[Image-text web data]
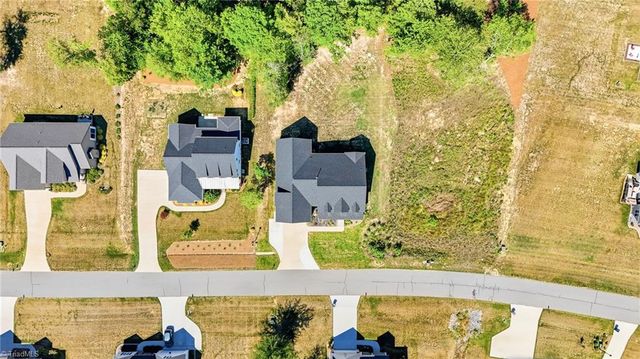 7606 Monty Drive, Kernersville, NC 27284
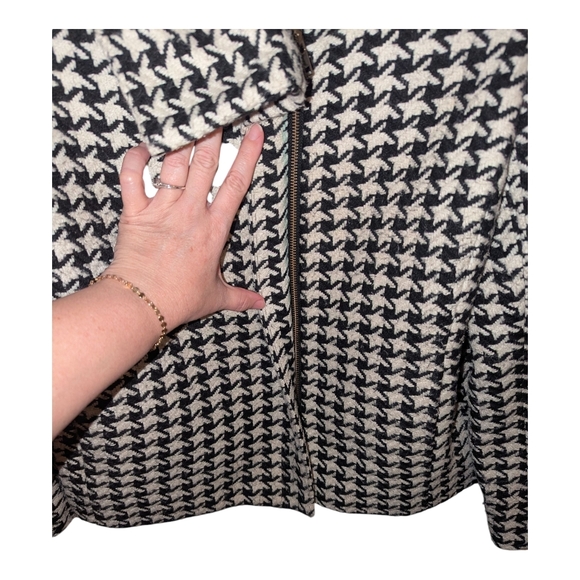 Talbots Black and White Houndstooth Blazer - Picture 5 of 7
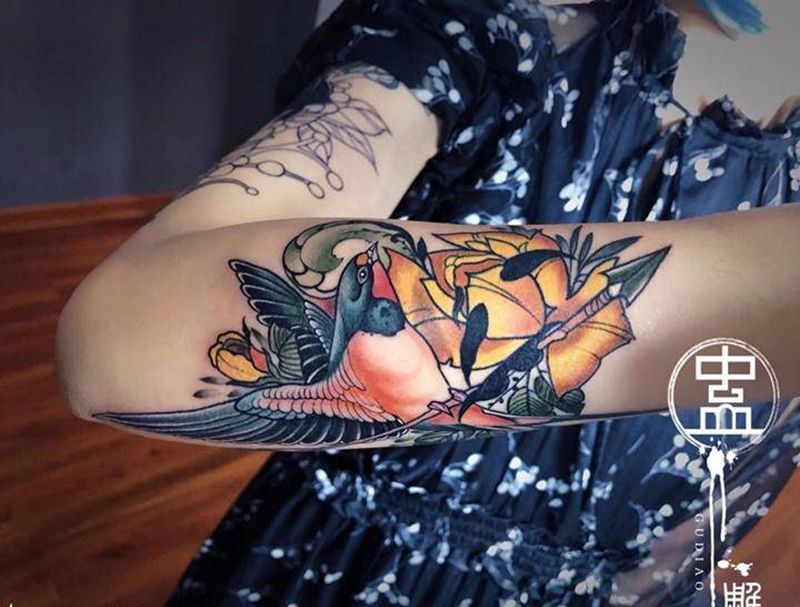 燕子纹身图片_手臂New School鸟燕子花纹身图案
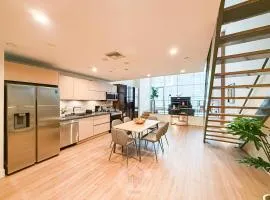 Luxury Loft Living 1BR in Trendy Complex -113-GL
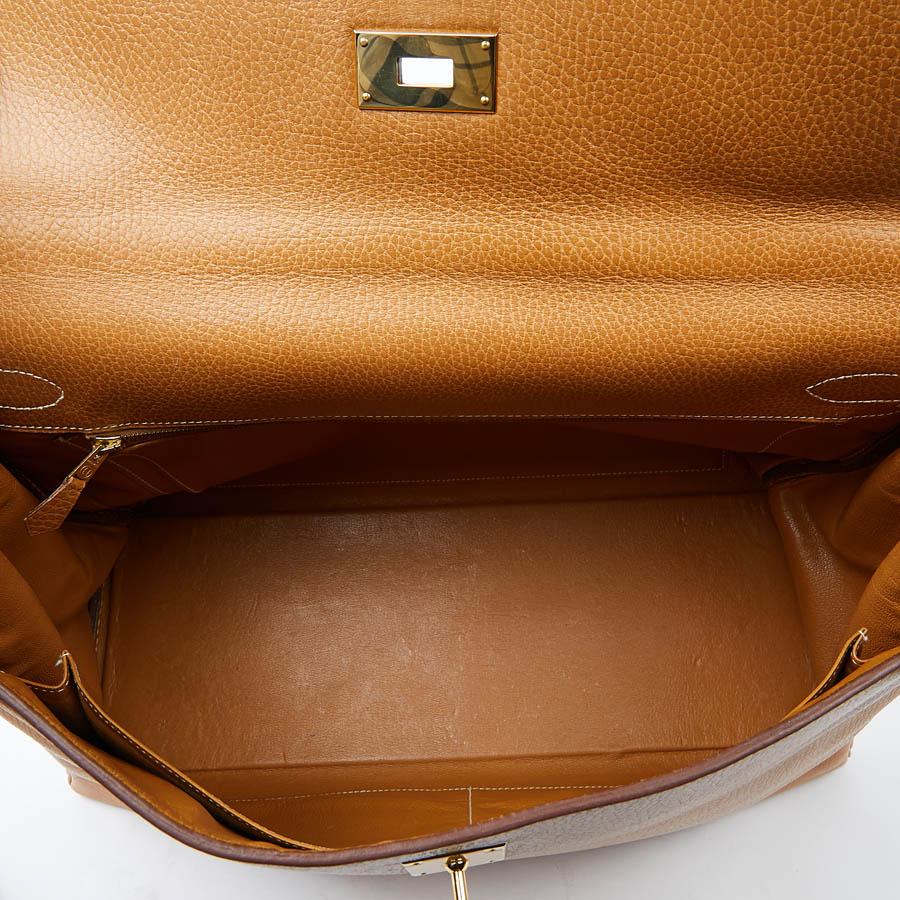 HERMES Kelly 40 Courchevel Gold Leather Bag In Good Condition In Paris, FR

> [Aim of the exercise] Every line of the data above is to be set down exactly; the pictures are not.

> [Solved problem]
 7606 Monty Drive, Kernersville, NC 27284
 Talbots Black and White Houndstooth Blazer - Picture 5 of 7
 燕子纹身图片_手臂New School鸟燕子花纹身图案
 Luxury Loft Living 1BR in Trendy Complex -113-GL
 HERMES Kelly 40 Courchevel Gold Leather Bag In Good Condition In Paris, FR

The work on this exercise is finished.